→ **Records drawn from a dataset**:
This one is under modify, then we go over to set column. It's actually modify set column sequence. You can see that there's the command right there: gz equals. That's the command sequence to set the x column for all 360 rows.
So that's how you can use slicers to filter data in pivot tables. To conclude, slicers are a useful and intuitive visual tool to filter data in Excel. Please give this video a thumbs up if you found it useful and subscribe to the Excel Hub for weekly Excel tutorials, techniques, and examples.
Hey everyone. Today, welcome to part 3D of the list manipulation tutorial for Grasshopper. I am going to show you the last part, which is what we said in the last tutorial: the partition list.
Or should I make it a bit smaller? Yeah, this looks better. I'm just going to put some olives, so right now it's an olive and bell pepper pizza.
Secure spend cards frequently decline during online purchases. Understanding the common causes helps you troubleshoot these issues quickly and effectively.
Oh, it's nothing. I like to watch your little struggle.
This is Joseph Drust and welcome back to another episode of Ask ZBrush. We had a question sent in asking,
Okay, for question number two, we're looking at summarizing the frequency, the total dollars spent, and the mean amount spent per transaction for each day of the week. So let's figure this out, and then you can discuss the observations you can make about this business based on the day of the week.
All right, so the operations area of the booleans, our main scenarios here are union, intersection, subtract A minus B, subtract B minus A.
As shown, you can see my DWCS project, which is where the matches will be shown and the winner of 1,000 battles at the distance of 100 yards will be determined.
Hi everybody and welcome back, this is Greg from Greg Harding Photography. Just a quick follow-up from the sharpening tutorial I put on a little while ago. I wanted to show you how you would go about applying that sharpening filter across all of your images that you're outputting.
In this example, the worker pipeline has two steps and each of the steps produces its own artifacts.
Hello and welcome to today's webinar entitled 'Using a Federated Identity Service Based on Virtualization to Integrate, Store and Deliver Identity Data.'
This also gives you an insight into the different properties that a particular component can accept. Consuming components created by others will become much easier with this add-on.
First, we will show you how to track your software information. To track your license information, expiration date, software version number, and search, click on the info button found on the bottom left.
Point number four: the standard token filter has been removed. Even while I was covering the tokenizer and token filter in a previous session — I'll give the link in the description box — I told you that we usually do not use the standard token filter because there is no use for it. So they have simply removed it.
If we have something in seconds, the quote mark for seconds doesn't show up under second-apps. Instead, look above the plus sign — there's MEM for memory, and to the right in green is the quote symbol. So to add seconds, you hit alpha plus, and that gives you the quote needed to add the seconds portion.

→ **ACTION ITEM**: Determine how many lines of the entries hold "then", and reply with that number only.

→ **EXERCISE OUTPUT**: 2